In perl.git, the branch smoke-me/davem-regex-buffer-copy has been created
<http://perl5.git.perl.org/perl.git/commitdiff/2bcd9b62481f3d1cdcd60ef3e7b263485761ddb3?hp=0000000000000000000000000000000000000000>
at 2bcd9b62481f3d1cdcd60ef3e7b263485761ddb3 (commit)
- Log -----------------------------------------------------------------
commit 2bcd9b62481f3d1cdcd60ef3e7b263485761ddb3
Author: David Mitchell <[email protected]>
Date: Fri Sep 7 13:32:11 2012 +0100
fix a bug in handling $+[0] and unicode
The code to decide what substring of a pattern target to copy for the
sake of $1, $& etc, would, in the absence of $&, only copy the minimum
range needed to cover $1,$2,...., which might be a shorter range than
what $& covers. This is fine most of the time, but, when calculating
$+[0] on a unicode string, it needs a copy of the whole part of the string
covered by $&, since it needs to convert the byte offest into a char
offset.
So to fix this, always copy as a minimum, the $& range.
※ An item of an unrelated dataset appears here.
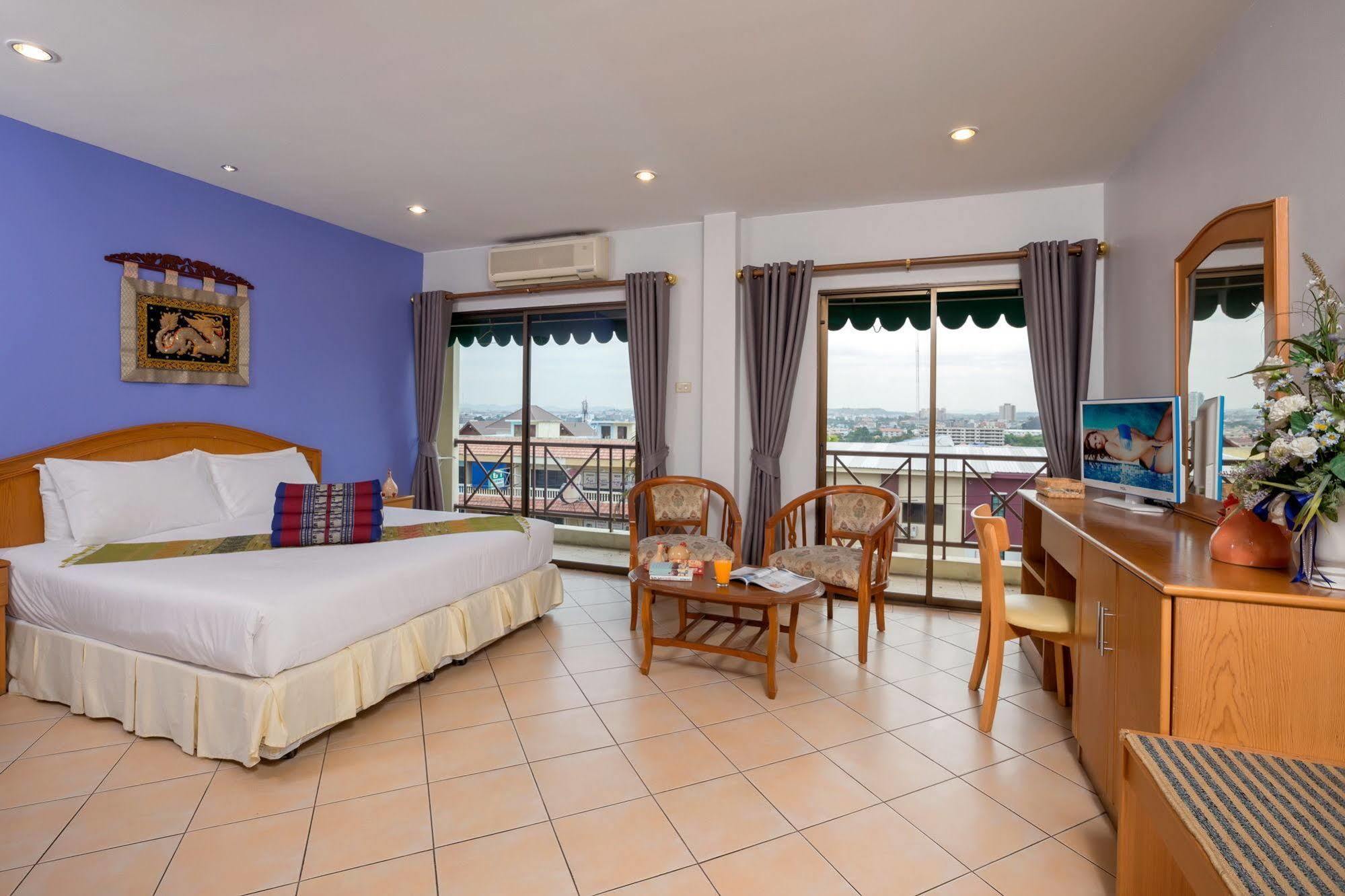 Seven Oaks Inn Praia de Jomtien Exterior foto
I suppose we could be more clever about this: detect the presence
of @+ in the code, only do it for UTF8 etc; but this is simple
and non-fragile.
M regexec.c
M t/re/re_tests
commit 500949cafaf334272b21a89bf044bc3bcf0cd4b3
Author: David Mitchell <[email protected]>
Date: Sat Sep 1 11:43:53 2012 +0100
m// and s///; don't copy TEMP/AMAGIC strings
Currently pp_match and pp_subst make a copy of the match string if it's
SvTEMP(), and in the case of pp_match, also if it's SvAMAGIC().
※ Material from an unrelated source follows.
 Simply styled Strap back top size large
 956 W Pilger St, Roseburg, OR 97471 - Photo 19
This is no longer necessary, as the code will always copy the string
anyway if its actually needed after the match, i.e. if it detects the
presence of $1, $& or //p etc. Until a few commits ago, this wasn't the
case for pp_match: it would sometimes skip copying even in the presence of
$1 et al for efficiency reasons. Now that that's fixed, we can remove the
SvTEMP() and SvAMAGIC() tests.
As to why pp_subst did the SvTEMP test, I don't know: but removing it
didn't make any tests fail!
M pp_hot.c
commit ed17c6e0c4437f531375c687e04038aac0a3fde5
Author: David Mitchell <[email protected]>
Date: Sat Sep 1 11:23:58 2012 +0100
tidy up patten match copying code
(no functional changes).
1. Remove some dead code from pp_split; it's protected by an assert
that it could never be called.
2. Simplify the flags settings for the call to CALLREGEXEC() in
pp_substcont: on subsequent matches we always set REXEC_NOT_FIRST,
which forces the regex engine not to copy anyway, so passing the
REXEC_COPY_STR is pointless, as is the conditional code to set it.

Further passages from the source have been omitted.